Exercise brief:
Copy every entry exactly as it reads and exclude whatever pictures appear.

Items from a dataset:

________________________

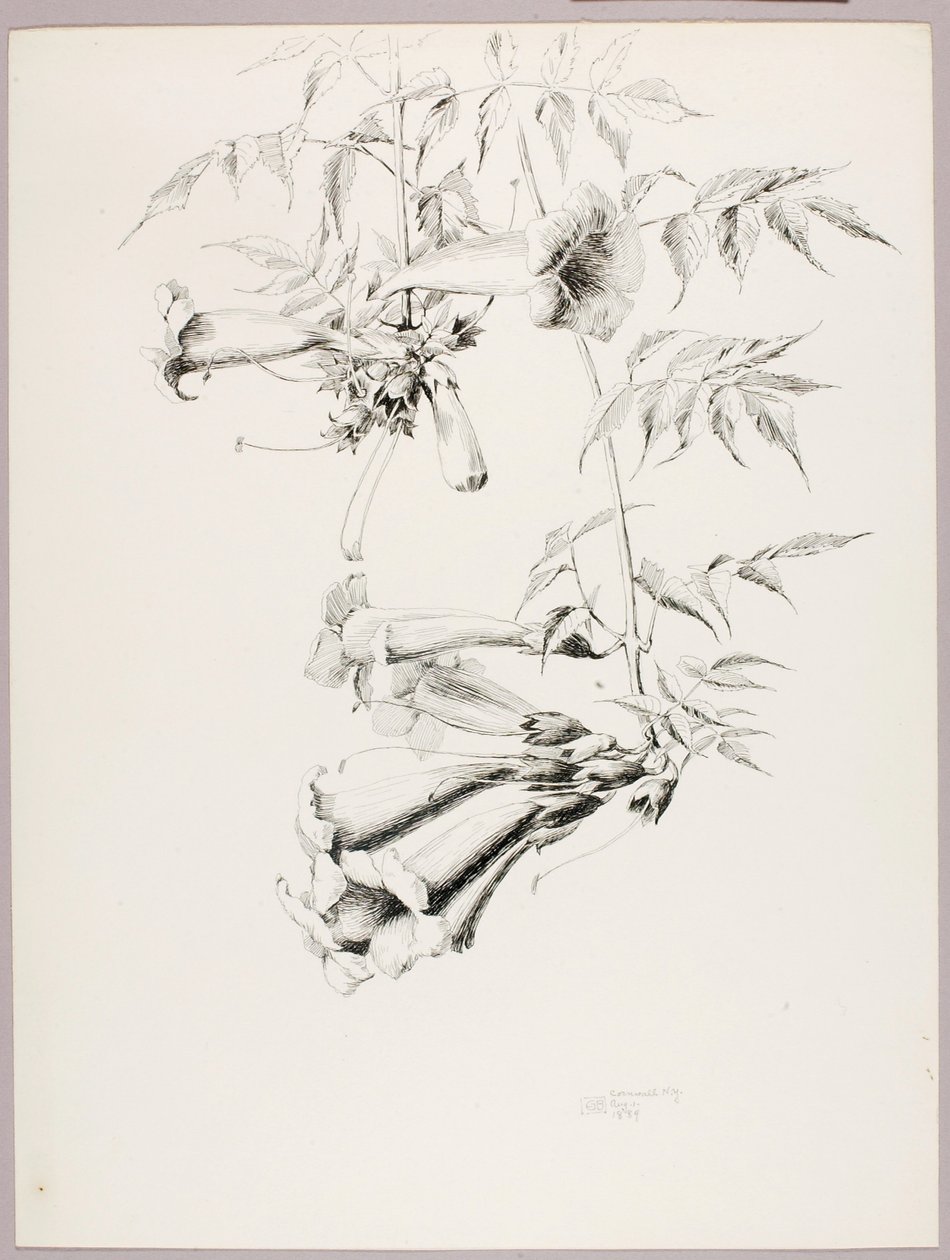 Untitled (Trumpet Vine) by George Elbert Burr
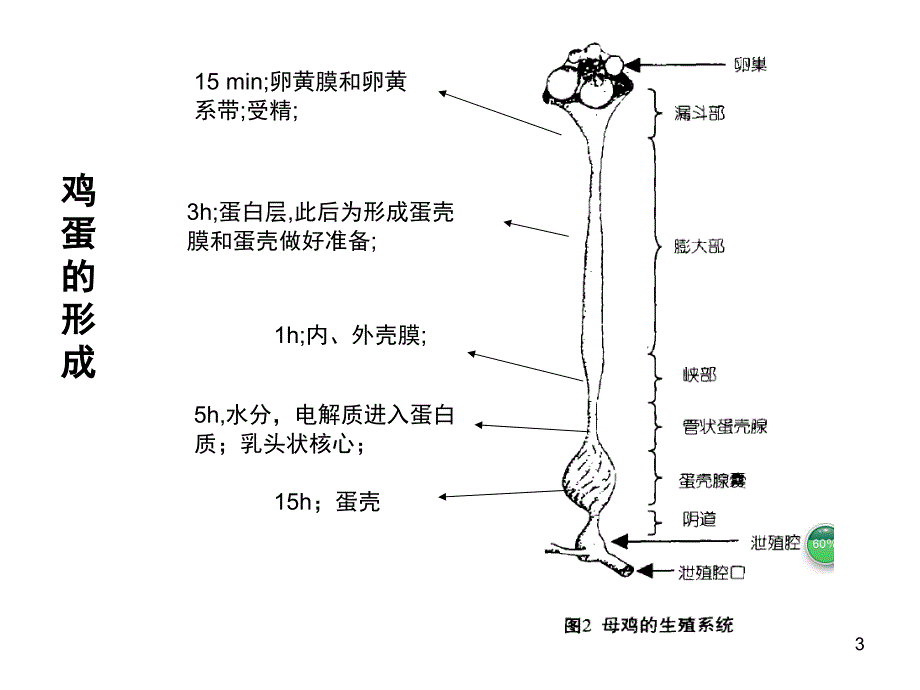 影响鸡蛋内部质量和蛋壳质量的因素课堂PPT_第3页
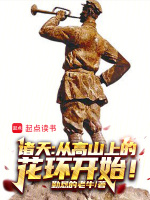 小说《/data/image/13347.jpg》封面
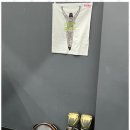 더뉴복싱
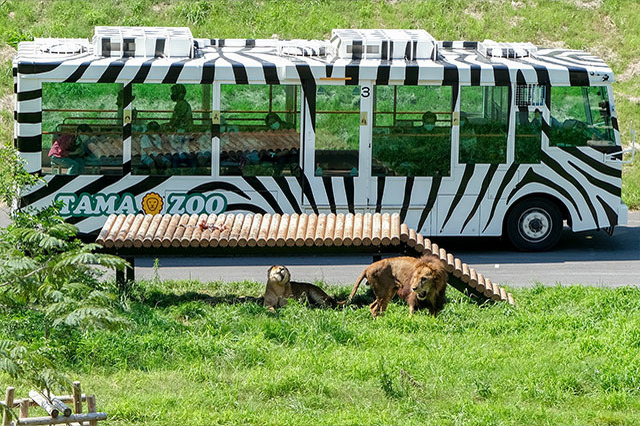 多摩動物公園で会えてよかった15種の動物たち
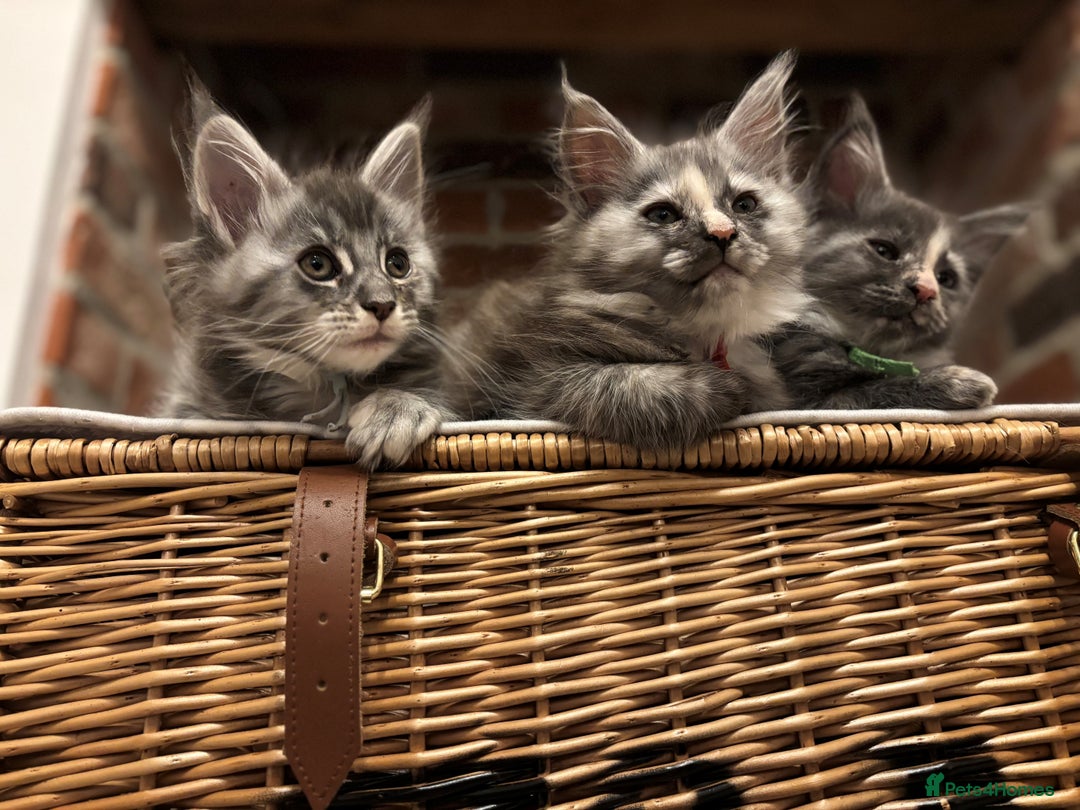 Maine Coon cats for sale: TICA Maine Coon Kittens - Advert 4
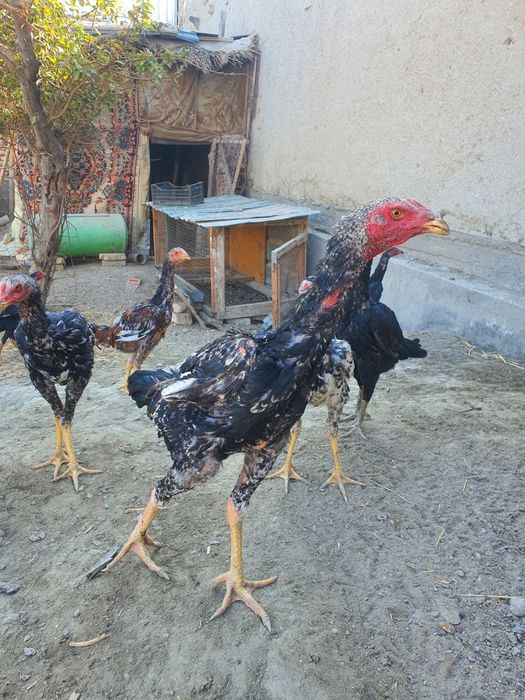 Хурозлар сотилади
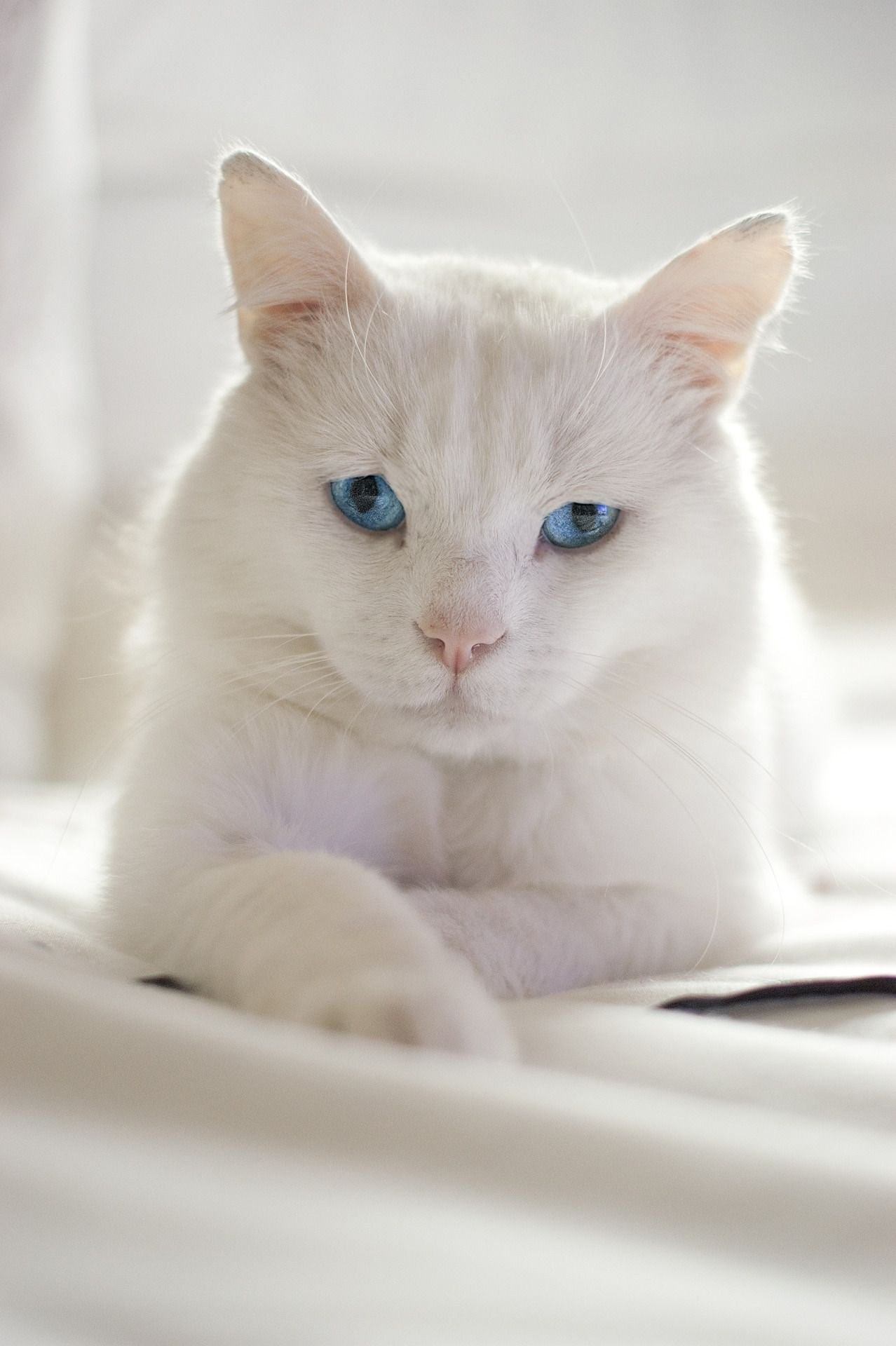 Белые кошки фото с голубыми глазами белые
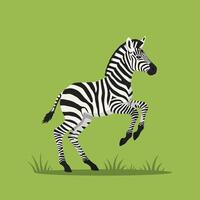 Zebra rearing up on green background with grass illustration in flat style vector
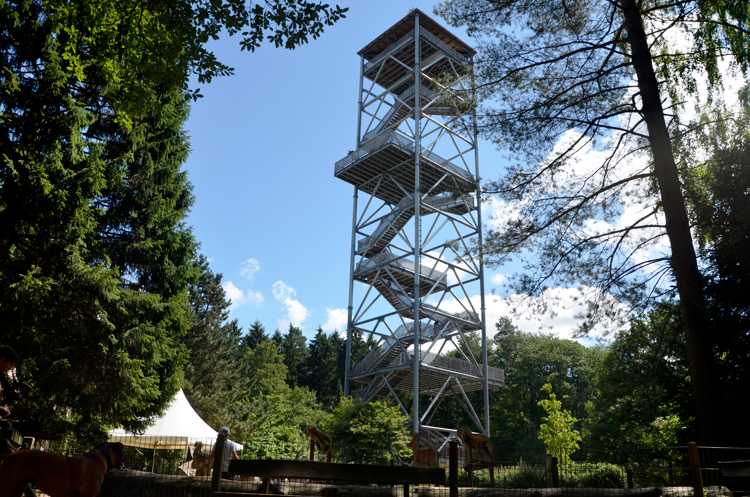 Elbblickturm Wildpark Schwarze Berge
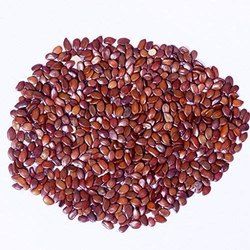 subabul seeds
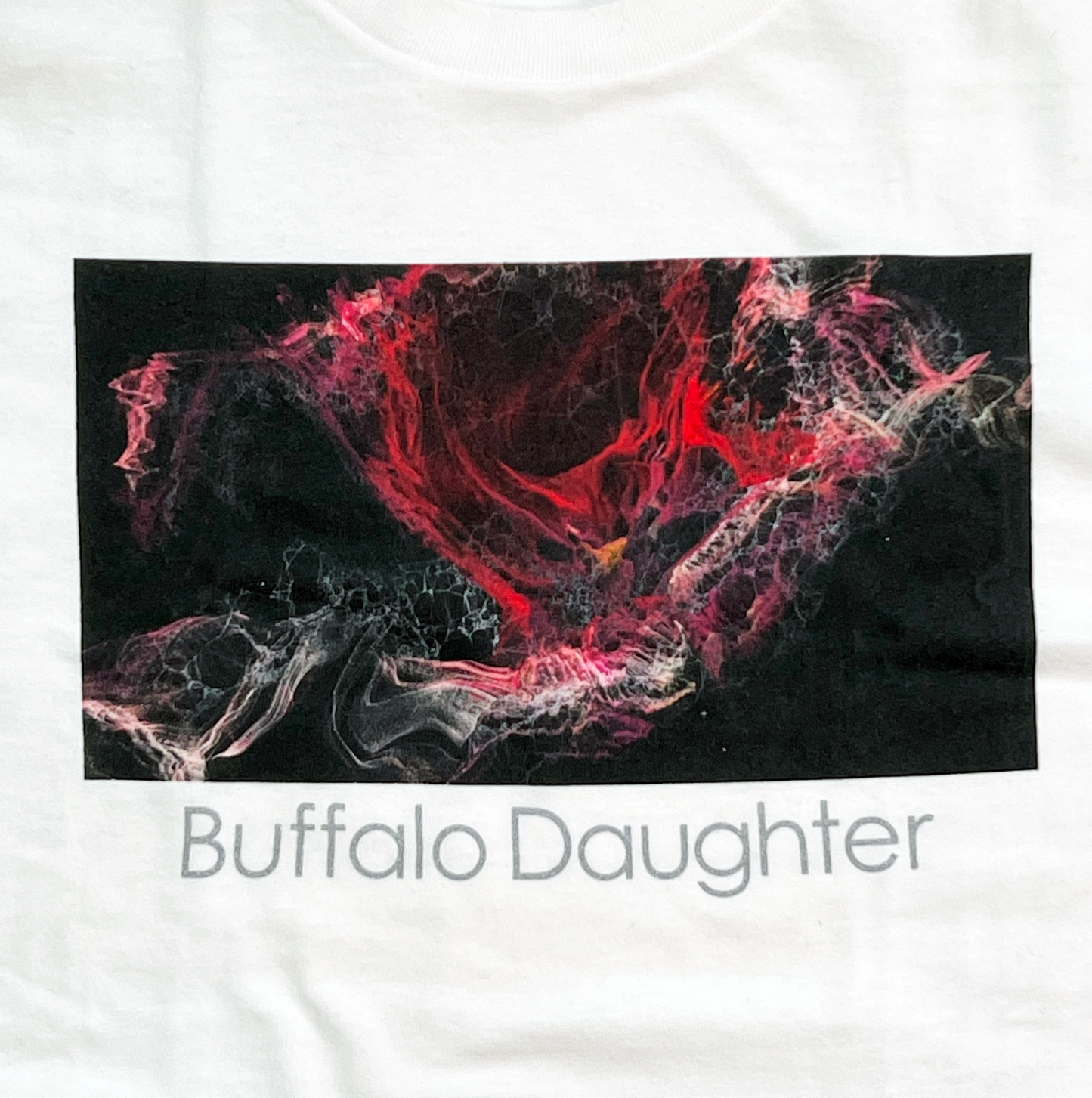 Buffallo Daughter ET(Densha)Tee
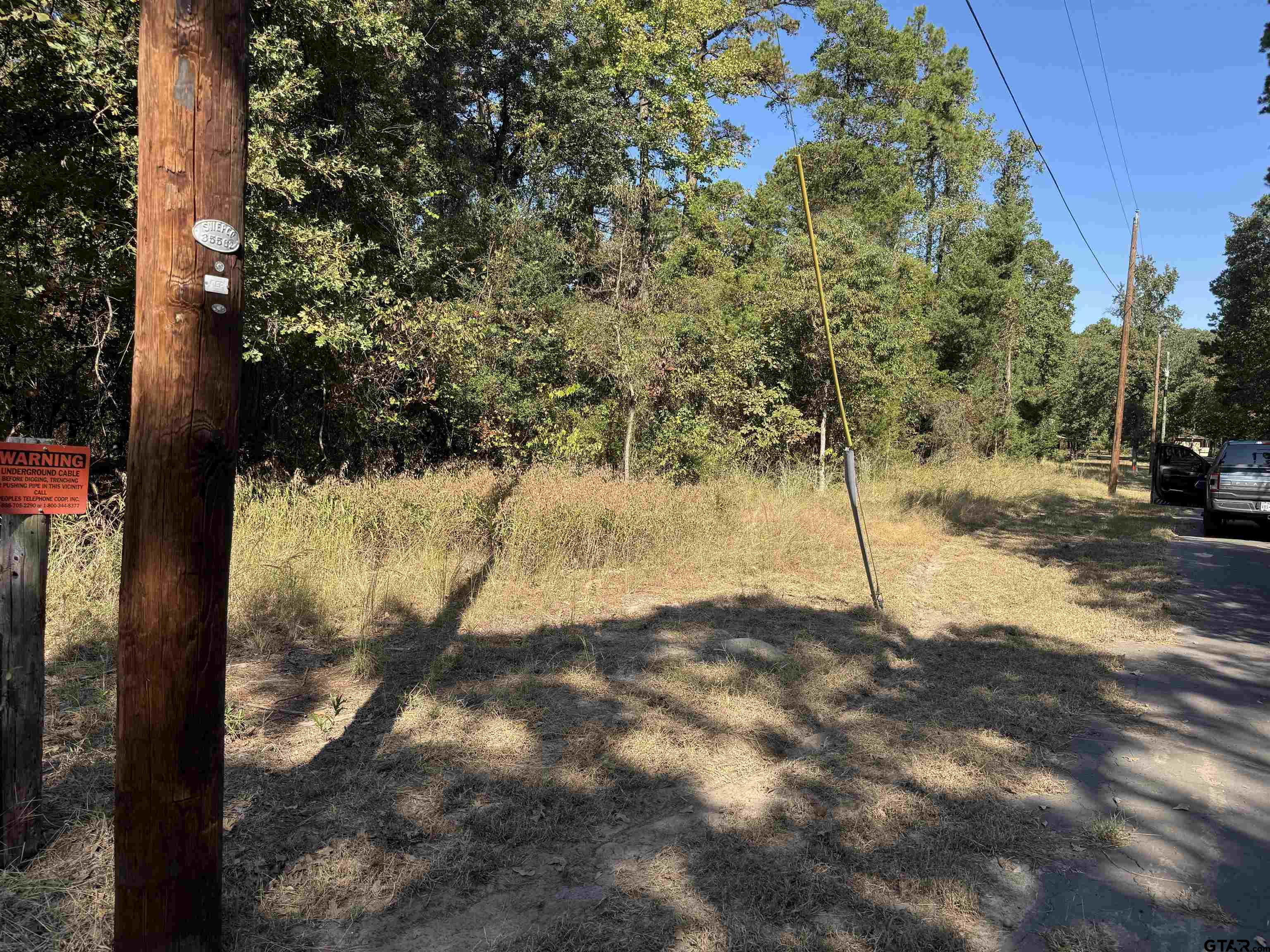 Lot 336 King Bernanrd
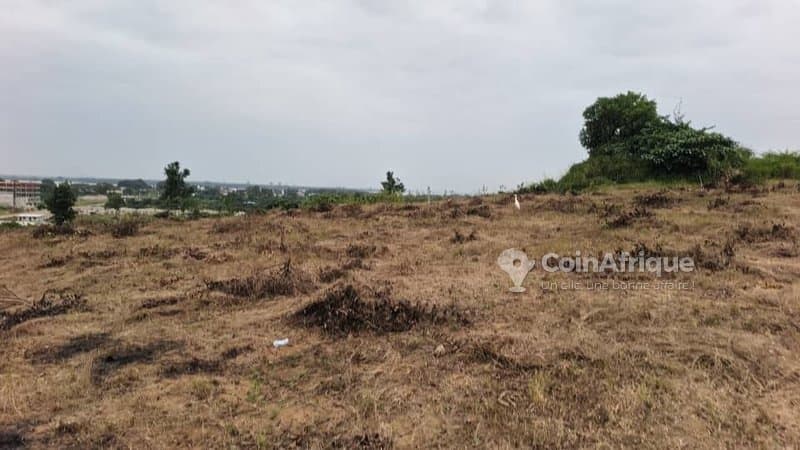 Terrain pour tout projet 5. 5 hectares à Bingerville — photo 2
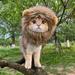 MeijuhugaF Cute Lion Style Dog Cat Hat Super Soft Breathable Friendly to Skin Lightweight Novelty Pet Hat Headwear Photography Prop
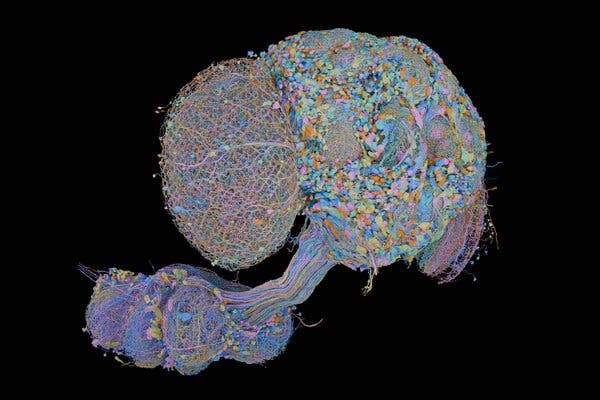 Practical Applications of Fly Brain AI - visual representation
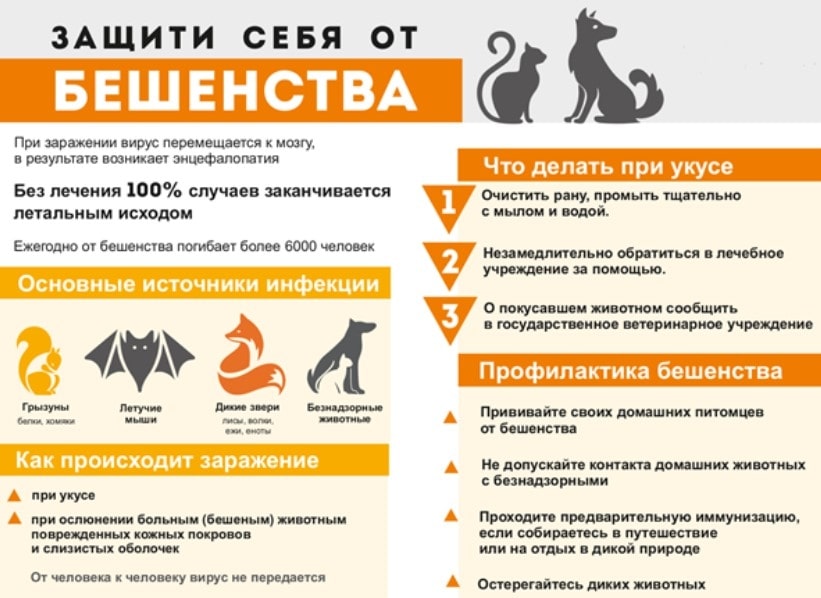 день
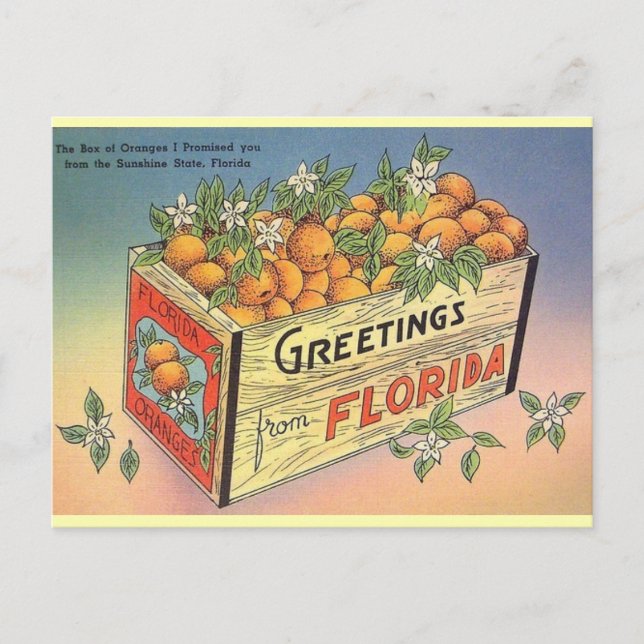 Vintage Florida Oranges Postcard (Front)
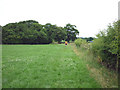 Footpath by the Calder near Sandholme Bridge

________________________

Solved exercise:
 Untitled (Trumpet Vine) by George Elbert Burr
 影响鸡蛋内部质量和蛋壳质量的因素课堂PPT_第3页
 小说《/data/image/13347.jpg》封面
 더뉴복싱
 多摩動物公園で会えてよかった15種の動物たち
 Maine Coon cats for sale: TICA Maine Coon Kittens - Advert 4
 Хурозлар сотилади
 Белые кошки фото с голубыми глазами белые
 Zebra rearing up on green background with grass illustration in flat style vector
 Elbblickturm Wildpark Schwarze Berge
 subabul seeds
 Buffallo Daughter ET(Densha)Tee
 Lot 336 King Bernanrd
 Terrain pour tout projet 5. 5 hectares à Bingerville — photo 2
 MeijuhugaF Cute Lion Style Dog Cat Hat Super Soft Breathable Friendly to Skin Lightweight Novelty Pet Hat Headwear Photography Prop
 Practical Applications of Fly Brain AI - visual representation
 день
 Vintage Florida Oranges Postcard (Front)
 Footpath by the Calder near Sandholme Bridge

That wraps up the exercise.